I have a question about how to prove a certain property of orthogonal complements of vector subspaces. Given $\mathrm E$, a vector space over a commutative field k, define: $$\phi\text{ : } \mathrm E \times \mathrm E^* \to k\text{ , where } \mathrm E^* \text{ is the dual space of E, and } \\ \phi(x,\omega) = \omega(x)$$
we can now define $\mathrm F^ \bot = \{\omega \in \mathrm E^* \mid \phi(x,\omega)=0 , \forall x\in \mathrm F \}$, where $\mathrm F $ is a vector subspace of $\mathrm E $
The first couple of properties such as proving that $\phi$ is in fact a mixed tensor, that $\mathrm F^ \bot $ is also a subspace and $ \dim F + \dim F^\bot = \dim E$ are simple enough, but I've gotten to one that I don't know how to go about, which is: $$ {(F+G)}^\bot = F^\bot\cap G^\bot $$
Where, of course, $F$ and $G$ are vector subspaces. Also for anyone wondering this is in the context of duality in projective spaces, because proving these properties is fundamental to the principle of duality, or at least the way I'm learning it.
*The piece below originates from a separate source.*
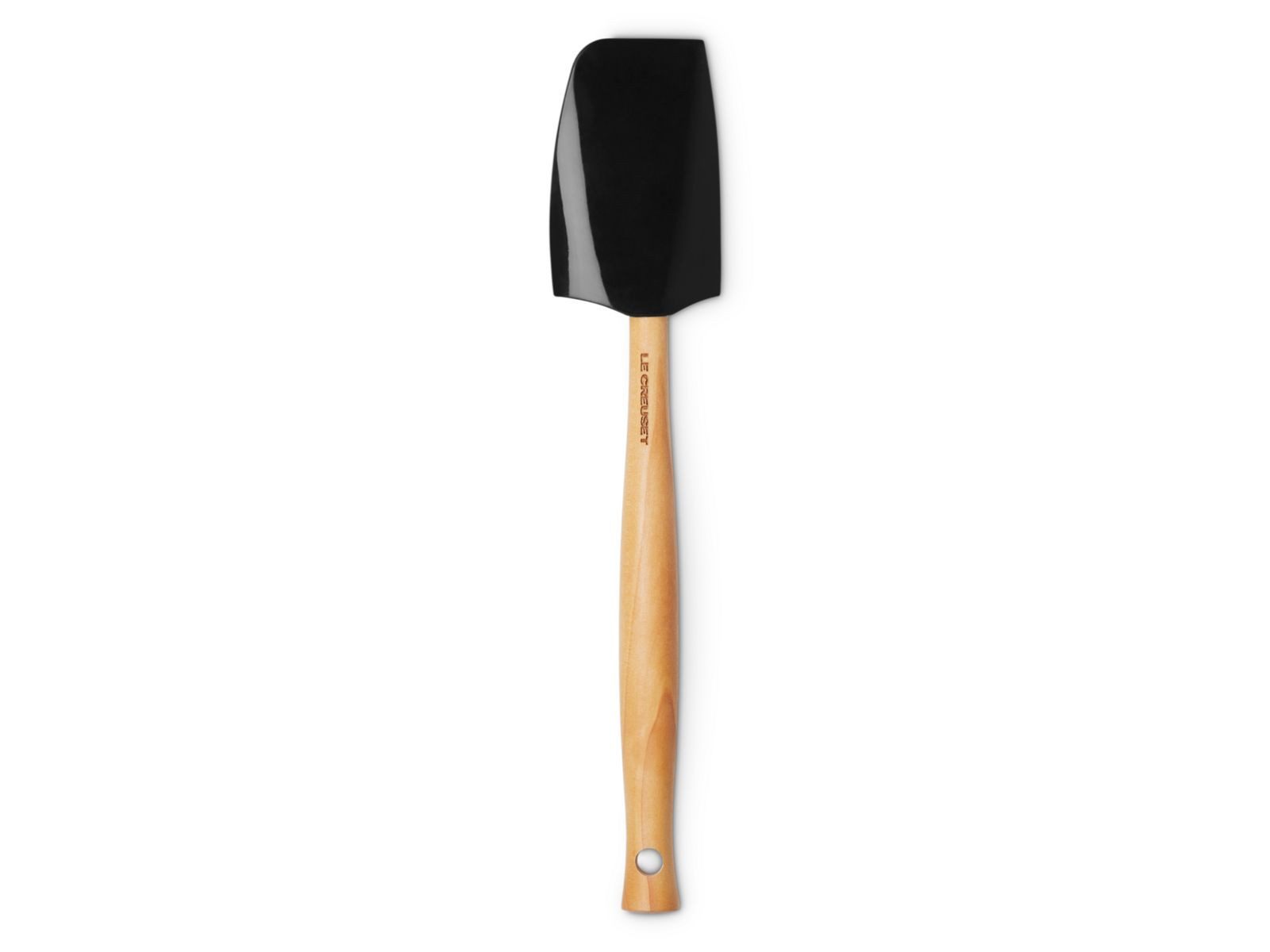 LE CREUSET Küchenspachtel Craft mittlere Kochkelle schwarz 28,5cm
Thanks in advance.
Try this: $\omega \in F^\bot \cap G^\bot $ implies $\omega \in F^\bot $ and $\omega \in G^\bot$. That is, $\omega (x) = 0$ for every $x \in F$ and $\omega (y) = 0$ for every $y\in G$. Hence, $\omega (x+y) = 0$ for all $x+y \in F + G$. So $\omega \in (F+G)^\bot$.
So far we have proved one inclusion: $F^\bot \cap G^\bot \subset (F+G)^\bot$. For the other inclusion, namely $(F+G)^\bot \subset F^\bot \cap G^\bot$, just do the same: start with the definition of $\omega$ being in $(F+G)^\bot$ and see what happens. (If you get stuck, ask me again.)